The wrong denominator hides the constraint
Most teams describe proposal load with a count: five RFPs this month, nine next month. The count is easy to report and almost useless on its own. A 40-question renewal completed from approved content is not the same unit of work as a net-new enterprise pursuit that needs solution design, pricing, legal review, references, resumes, and an executive narrative.
A useful capacity model starts with total contributor hours by pursuit. That includes time spent locating evidence, re-answering familiar questions, waiting in status meetings, resolving version conflicts, and reviewing material that should have been governed before the opportunity arrived.

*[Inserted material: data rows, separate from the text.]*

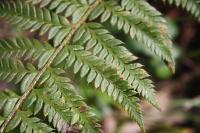 Polystichum aculeatum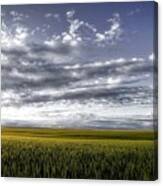 Endless Wheat Fields Canvas Print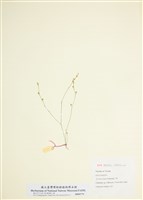 藏品(岩生亞麻)的圖片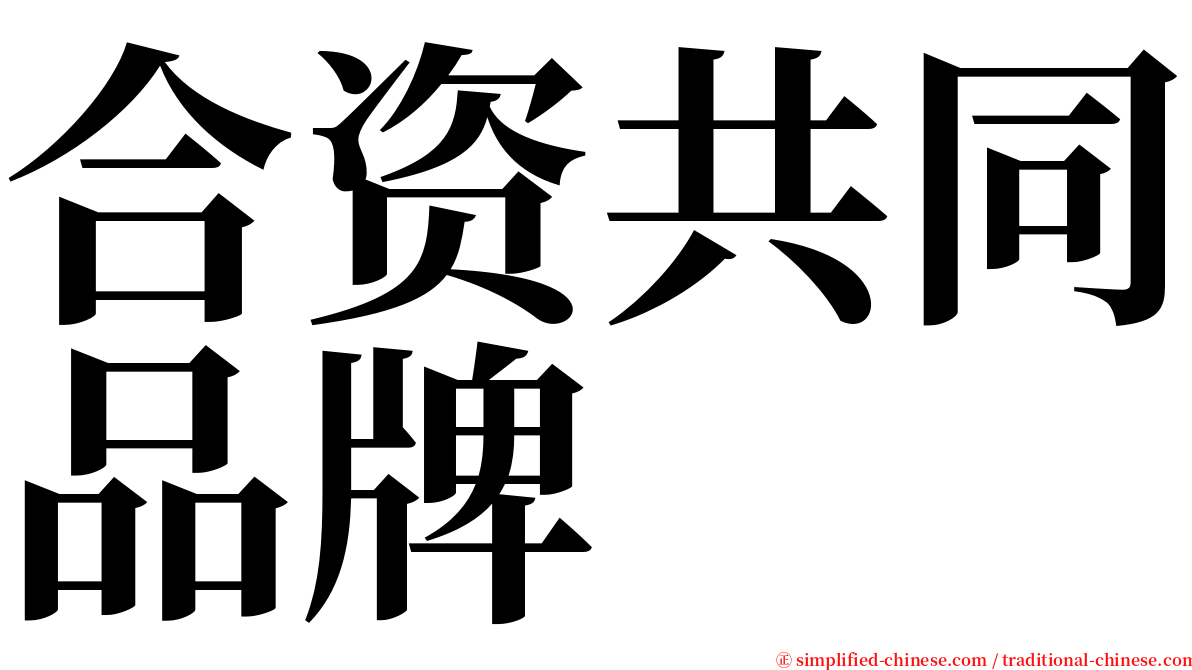 合资共同品牌 serif font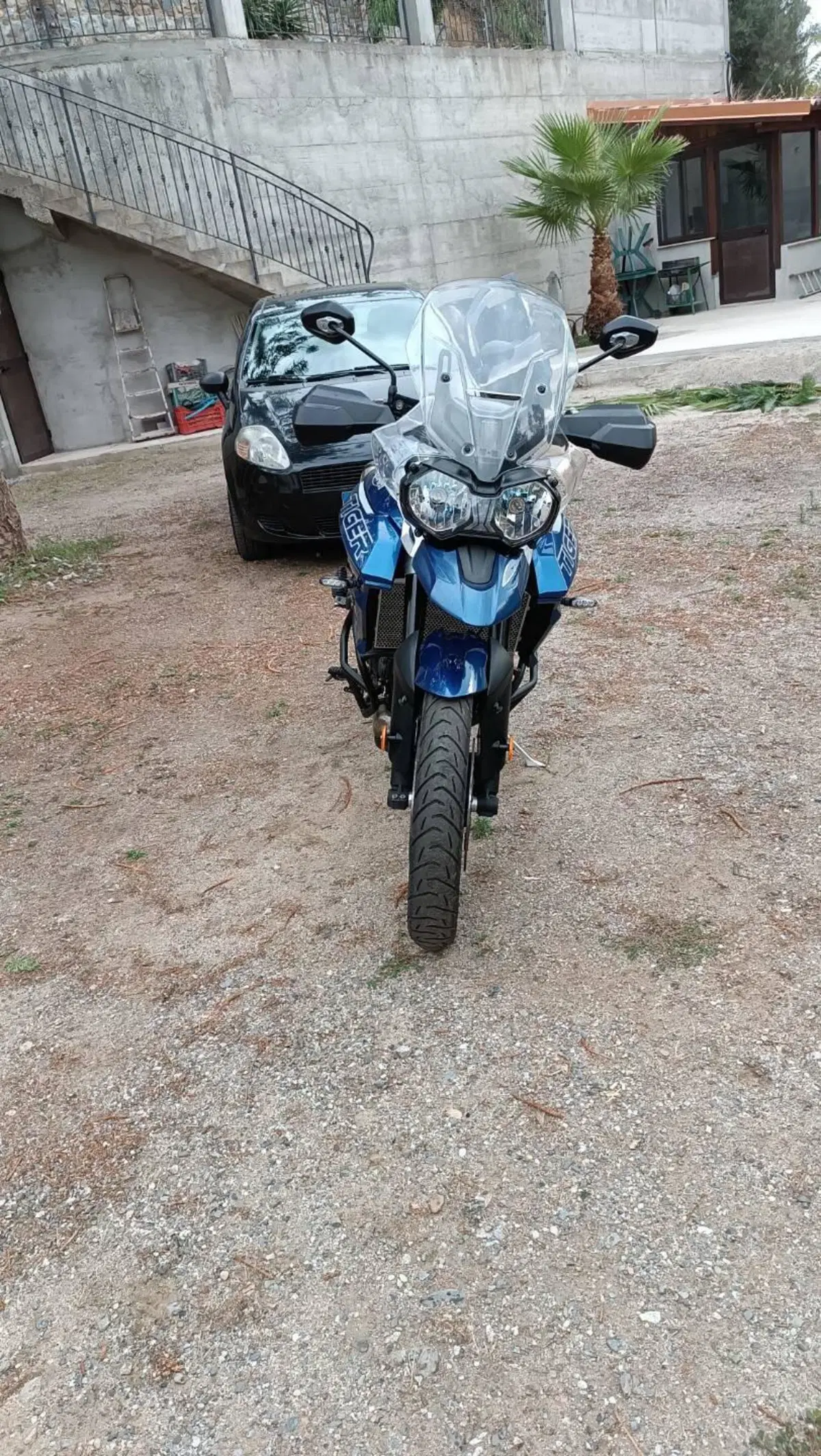 Triumph Tiger 800 XRx (2018 - 20) (2)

Measure four layers of load
The fourth layer is why proposal operations belongs in a revenue conversation. QorusDocs' 2026 benchmark describes typical teams handling five to nine RFPs monthly, with responses often requiring six to twelve or more contributors. Loopio and APMP reported that RFPs influenced 37% of respondent revenue in their 2025 research. When that much revenue passes through a shared operating process, capacity is a control surface for growth.
- Core production: requirement analysis, response drafting, editing, production, and submission.
- Contributor drag: the time sales, technical, security, legal, finance, and delivery leaders spend away from their primary work.
- Rework: effort caused by stale answers, unclear ownership, contradictory versions, or late changes in solution strategy.
- Opportunity cost: qualified pursuits declined—or weak pursuits accepted—because the team could not see capacity and fit together.
Turn the baseline into a decision
For eight representative pursuits, record total team hours, number of unique contributors, time spent waiting, percentage of scored requirements supported by current evidence, and advancement or outcome. Segment renewals, expansion bids, and net-new pursuits rather than averaging them together.
Then calculate the loaded annual cost of the current response mix and the capacity tied up in avoidable effort. Do not claim that all rework will disappear. Use conservative scenarios—such as 15%, 20%, and 30% recovery—and decide which operating changes are justified even at the low case.
The executive question
The point is not to make every response faster. The point is to spend scarce expert attention on the pursuits where proof, fit, and economics justify it. A mature operating system may deliberately invest more time in a strong opportunity while declining a weak one earlier. That is better capacity management than celebrating a lower average response time.